I have 999 gz files located in s3 bucket. I wanted to read them all and convert pyspark dataframe into pandas dataframe, it was impossible due to large files. I am trying to take a different approach - reading each single /gz file THEN convert it to pandas df - reduce number of columns and then concatenate it into one big pandas df.
spark_df = spark.read.json(f"s3a://my_bucket/part-00000.gz")
part-000000.gz - this is zipped json, 0000 is the first one and 00999 is the last one to read. COuld you please help me unpack them all and later on concatenate pandas df.
Logic:
Read all json files:
spark_df = spark.read.json(f"s3a://my_bucket/part-00{}.gz")
convert to pandas
pandas_df = spark_df.toPandas()
reduce columns (only few needed column)
pandas_df = pandas_df[["col1","col2","col3"]]
merge all the 999 pandas df into one full_df = pd.concat(for loop, to go through all the pandas dataframes)

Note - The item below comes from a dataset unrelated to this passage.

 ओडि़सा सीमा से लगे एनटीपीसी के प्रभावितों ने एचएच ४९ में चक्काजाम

This is the logic in my head, but I have difficulties to code it.
EDIT: I started writing the code but it does not show me pandas_df:
for i in range(10,11):
df_to_predict = spark.read.json(f"s3a://my_bucket/company_v20_dl/part-000{i}.gz")
df_to_predict = df_to_predict.select('id','summary', 'website')

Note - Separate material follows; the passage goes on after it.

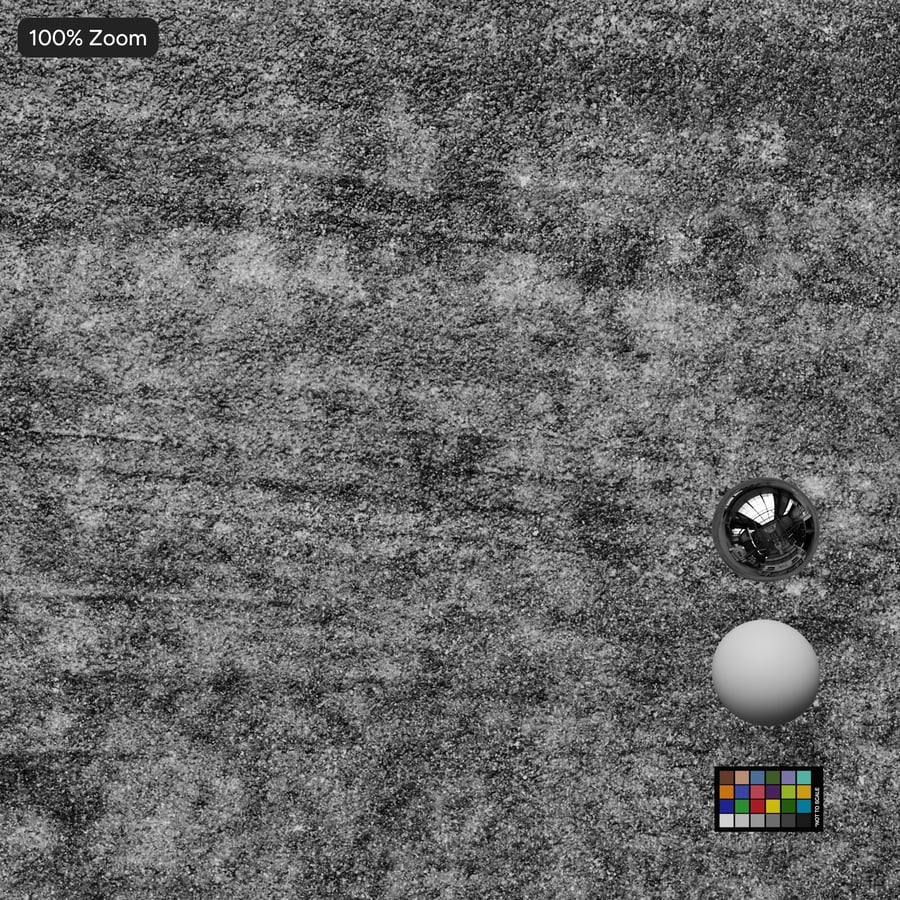 Tire Marks on Icy Asphalt Road Texture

df_to_predict = df_to_predict.withColumn('text', lower(col('summary')))
df_to_predict = df_to_predict.select('id','text', 'website')
df_to_predict = df_to_predict.withColumn("text_length", length("text"))
df_to_predict.show()
pandas_df = df_to_predict.toPandas()
pandas_df.head()
Also I've notice this solution will be faulty for part00001 / part00100 etc <- range does not "fill up" with zeros.